The frustration comes from being able to upload a video to the likes of youtube or vimeo in about 15-20 minutes, where as its takes 30 hours to convert to webm on proprietary software which I have to pay for and then 10-12 attempts over the space of a week or two to upload the video to commons.  The available tools like Videoconvertor, and Video2Commons are so unstable that they dont survive the 30 hour conversion process.

On Sun, 2 Jan 2022 at 04:38, Mike Peel <email@mikepeel.net> wrote:
Hi Asaf,

That's a good response, but I'm not sure it provides a practical way
forward. How can volunteers bring this issue to the attention of the WMF
leadership to get the allocation of the time of Wikimedia staff who can
take ownership implement changes here?

Presumably emails on these lists have relatively little impact at the
most senior levels, so they aren't a good way forward - and similarly on

The Wishlist provides a way of showcasing issues and a relatively clear
way forward to get them implemented, but with really limited capacity.

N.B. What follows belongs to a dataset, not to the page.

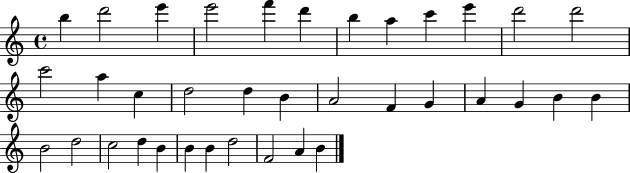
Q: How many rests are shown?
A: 0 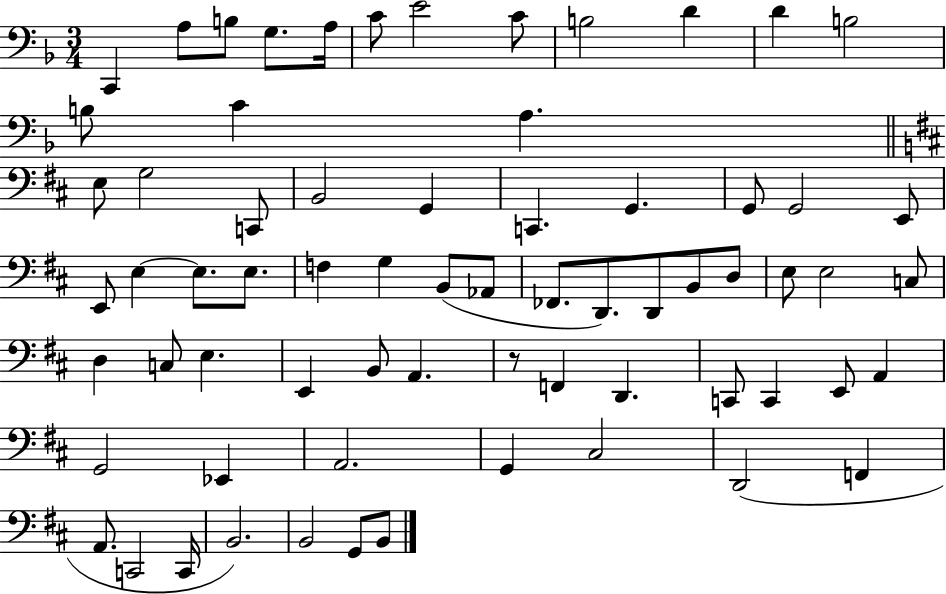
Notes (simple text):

C2/q A3/e B3/e G3/e. A3/s C4/e E4/h C4/e B3/h D4/q D4/q B3/h B3/e C4/q A3/q. E3/e G3/h C2/e B2/h G2/q C2/q. G2/q. G2/e G2/h E2/e E2/e E3/q E3/e. E3/e. F3/q G3/q B2/e Ab2/e FES2/e. D2/e. D2/e B2/e D3/e E3/e E3/h C3/e D3/q C3/e E3/q. E2/q B2/e A2/q. R/e F2/q D2/q. C2/e C2/q E2/e A2/q G2/h Eb2/q A2/h. G2/q C#3/h D2/h F2/q A2/e. C2/h C2/s B2/h. B2/h G2/e B2/e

How would a case for technical support be made apart from that? It's not
clear if a simple survey would be sufficient. Would an RfC and
discussion on meta help? Does it need the media to be involved to make
it a public crisis? Or should it be proposed as a grant request, perhaps
for a Wikimedia affiliate to implement? Or is there another avenue that
could be persued? Bearing in mind that there's no practical way for
community members to propose changes to the WMF annual plan for multiple
years now.

Sorry to defocus things and express more frustration, but I think there
should be a clear way forward with this type of issue, which isn't
obvious right now. Personally, my hopes are on the Wishlist, although
I'll be reposting a 14-year-old issue there for the fifth time when that
process opens on the 10th January...


On 1/1/22 20:10:43, Asaf Bartov wrote:
> Writing in my volunteer capacity:
> On Sat, 1 Jan 2022, 08:43 Amir Sarabadani <ladsgroup@gmail.com
> <mailto:ladsgroup@gmail.com>> wrote:
>     Honestly, the situation is more dire than you think. For example,
>     until a couple months ago, we didn't have backups for the media
>     files. There was a live copy in the secondary datacenter but for
>     example if due to a software issue, we lost some files, they were
>     gone. I would like to thank Jaime Crespo for pushing for it and
>     implementing the backups.
>     But I beat my drum again, it's not something you can fix overnight.
>     I'm sure people are monitoring this mailing list and are aware of
>     the problem.
> [My goal in this post is to ficus effort and reduce frustration.]
> Yes, people reading here are aware, and absolutely none of them expects
> this (i.e. multimedia technical debt and missing features) to be fixed
> overnight.
> What's lacking, as you pointed out, is ownership of the problem.  To own
> the problem, one must have *both* technical understanding of the issues
> *and* a mandate to devote resources to addressing them.
> It is this *combination* that we don't have at the moment. Lots of
> technical people are aware, and some of them quite willing to work
> toward addressing the issues, but they are not empowered to set
> priorities and commit resources for an effort of that scale, and the
> problems, for the most part, don't easily lend themselves to volunteer
> development.
> It seems to me there are *very few* people who could change status quo,
> not much more than a handful: the Foundation's executive leadership (in
> its annual planning work, coming up this first quarter of 2022), and the
> Board of Trustees.
> Therefore, the greatest contribution the rest of us could make toward
> seeing this work get resourced is to help make the case to the
> executives (including the new CEO, just entering the role) with clear
> and compelling illustrations of the *mission impact* of such investment.
> In parallel, interested engineers and middle managers could help by
> offering rough effort estimates for some components, a roadmap, an
> overview of alternatives considered and a rationale for a recommended
> approach, etc.
> But this would all be preparatory and supporting work toward *a
> resourcing decision* being made. So long as such a decision isn't made,
> no significant work on this can happen.
> Finally, while it is easy to agree that *this* is necessary and useful
> on its own, to actual resource it in the coming annual plan it would be
> necessary to argue that it is *more* useful and necessary than some
> *other* work, itself also necessary and useful.
> Another thing that may help is being explicit about just how important
> this is, even literally saying things like "this would have far more
> impact on our X goal than initiative A, B, or C", naming actual
> resourced or potentially resourced things. It is sometimes difficult for
> managers who aren't practicing Wikimedia volunteers to assess just how
> necessary different necessary things are, from different community
> perspectives.
> And of course, one such opinion, or a handful, would not be a solid base
> for resourcing decisions, so perhaps a large-scale ranking survey of
> some sort would be helpful, as SJ implicitly suggested in the original post.
> Cheers,
>      A.
>      (In my volunteer capacity)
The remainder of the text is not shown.